# so my husband brings home...



## cindy-e (Feb 14, 2008)

pizza. And soda. for dinner. I've lost 90+ lbs. The smaller I am, the harder it is to lose. I want to be at goal by my bday. Sigh... He is trying to lose weight too! He still has a mentality though that all the "good" food is the stuff that is terrible for you, and so when he wants to celebrate, guess what he does. I am not really happy right now. Love him, but don't know how to get him to see that eating better is freedom, not loss! I could have eaten something else... should have. But to do so would be to make a big deal about it in front of the kids and I didn't want to do that, but there will be a conversation about it later. 

UG!
Cindyc.


----------



## Barnhouse (Feb 24, 2012)

And he probably thought he was doing something special. :smack

I wouldn't make a big deal about it. Calories are calories after all.
Maybe make an agreement that "celebration food" should be limited to one day a month until you get to your goal. The more support you get, the bigger the celebration. That way it gets everybody involved and gives you all a day to look forward to.


----------



## okiemom (May 12, 2002)

pizza is not evil!!! eating 3+ pieces at a time is. a serving is one SMALL piece. the rest is to be salad, fruit, veggies etc. have a piece just not 3. 

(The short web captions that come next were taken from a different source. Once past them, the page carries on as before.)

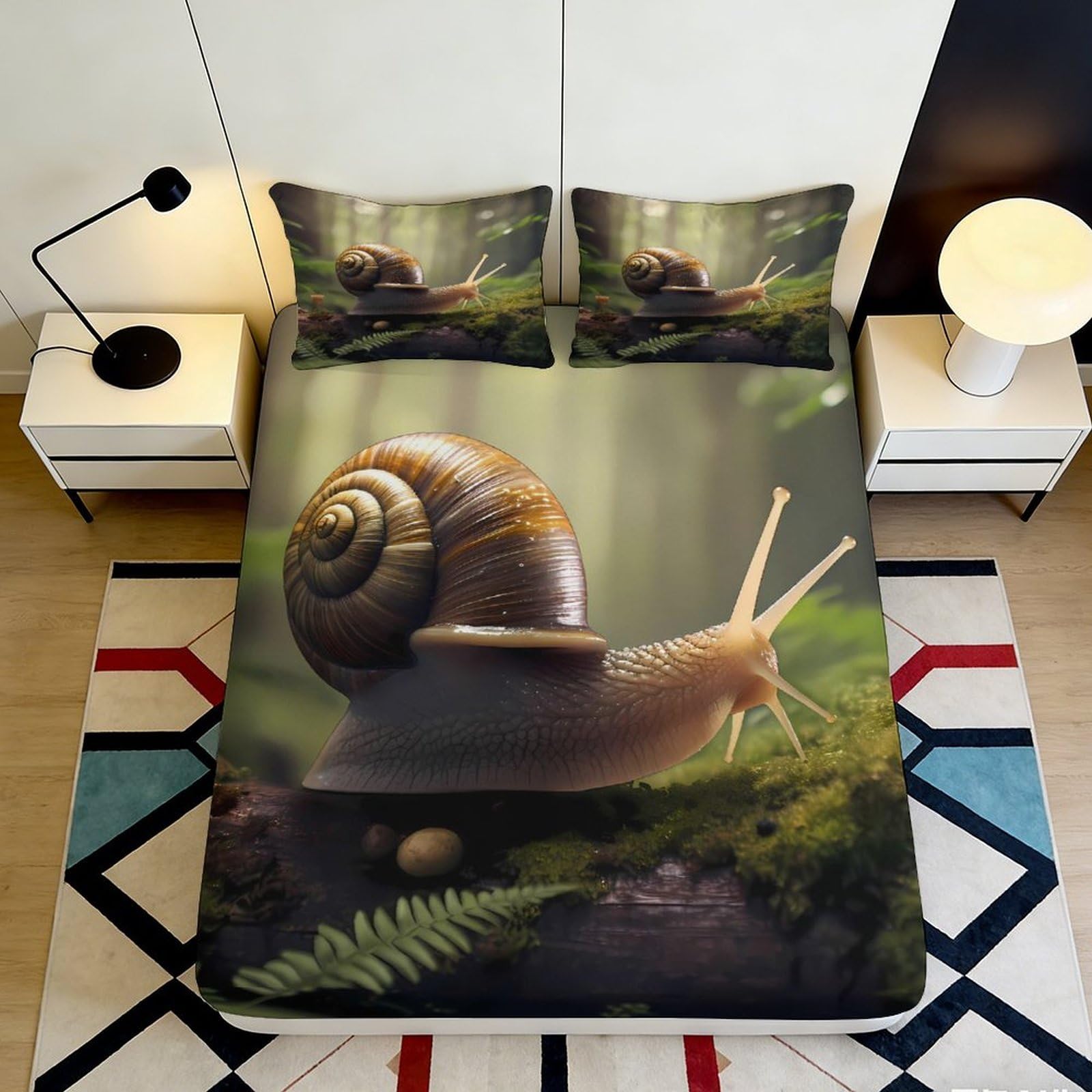 3D Printed Snail Forest Fitted Sheet Microfiber Soft Anti-Slip Bed Cover for Bedroom Guest Room Decorative 90x200x25cm
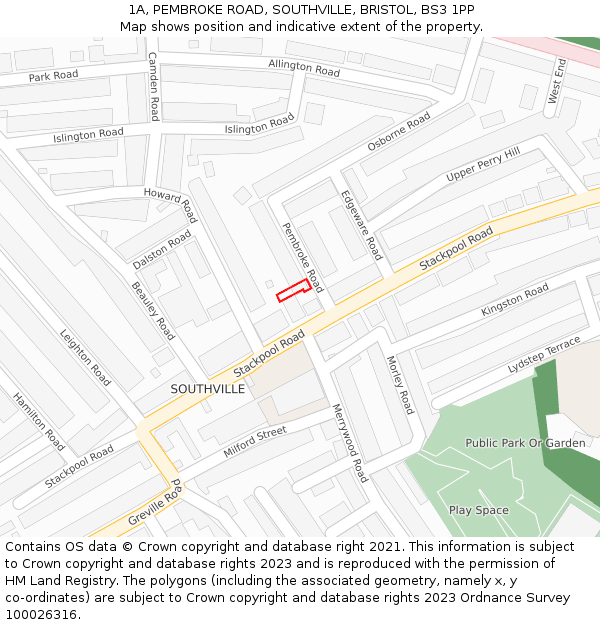 1A, PEMBROKE ROAD, SOUTHVILLE, BRISTOL, BS3 1PP: Location map and indicative extent of plot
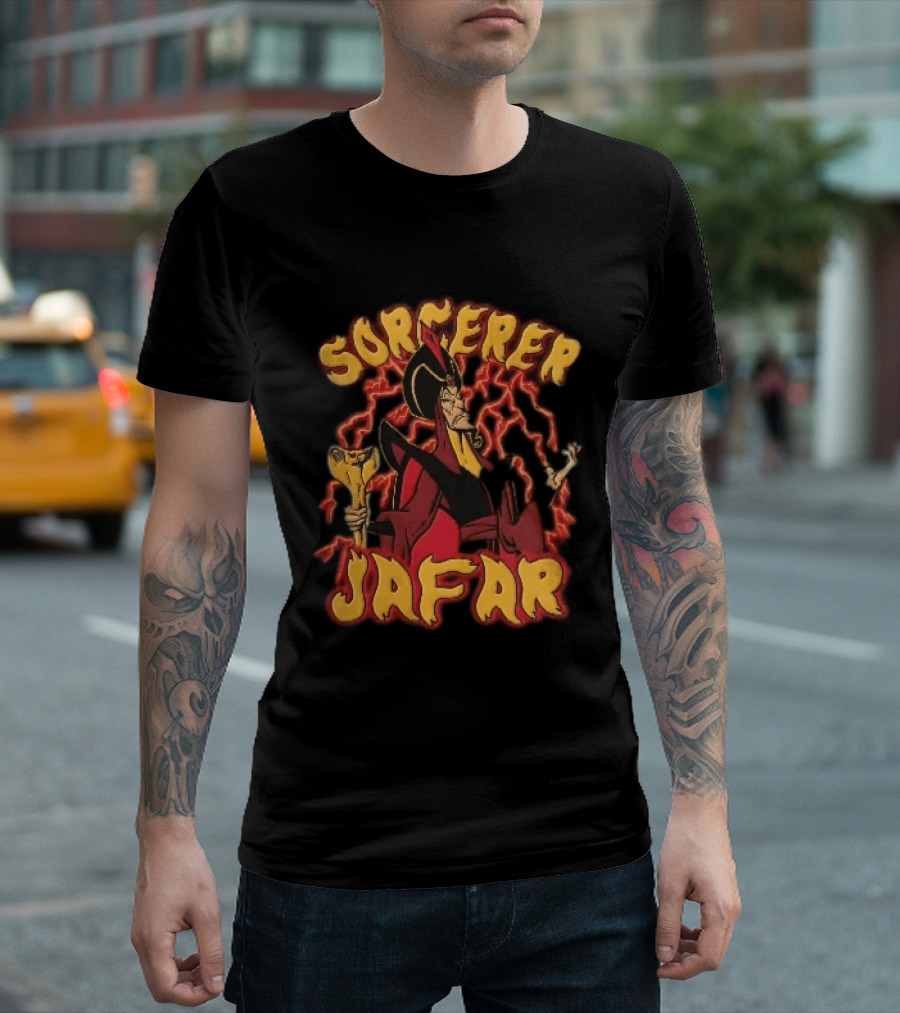 Sorcerer Jafar Holding Cobra Staff Red Lightning Disney Cartoon T-Shirt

blot the grease and maybe try to order lighter type ingreadiants not peperoni,sausage etc. chicken, veggies, hamberger (maybe) etc.


----------



## JanS (Jul 28, 2002)

I don't think there is anything wrong with you eating something else. As long as you didn't go about it with an angry or accusing attitude. If it happened to me, I'd have pizza, skip the soda, and round the meal out with salad or raw veggies. Of course I'm a vegetarian and my late husband was not, so it wasn't unusual for me to have a different meal from the rest of the family. 

That said, anytime I was watching my weight, post-baby for instance, you could be SURE my husband would bring me chocolate. LOL


----------



## Barnhouse (Feb 24, 2012)

okiemom said:


> pizza is not evil!!!.
> 
> blot the grease and maybe try to order lighter type ingreadiants *not peperoni,sausage etc. chicken, veggies, hamberger (maybe) etc*.


Sacrilege! If one is eating pizza, then eat pizza! 
Pepperoni, sausage, mushrooms and onions! Oh yes!

Diet pizza? Never!!! It's against my religion. :happy2:


----------



## PamB (Jan 15, 2008)

I have gotten back into making my own pizza, its just as fast as ordering, driving 5 miles to the closest place to order, and much better for us. I use my own meat, spelt flour for the crust and lots of mozzarella. I am really struggling with soda, I quit diet along time ago, but have gotten in the bad habit of having regular Coke a few times a week, I did buy some kombucha yesterday, hopefully that will help.
My hubby and I are the same as you, trying to lose weight but sometimes it seems we are sabotaging each other. 
Enjoy the pizza, one slice as someone else said and eat salad! drink water, LOL 
hang in there you are doing great, how many lbs till you reach goal??
Pam


----------



## CesumPec (May 20, 2011)

Ummm...kids. Kids. Unless those kids are on a diet, don't punish them by making them stick to your diet. For most kids, pizza and a salad is a good nutritious meal. 

When I was a kid my mother often was dieting but same as with many growing boys, the only reason I would get up from the dinner table was because the food had run out and I never could put on weight.


----------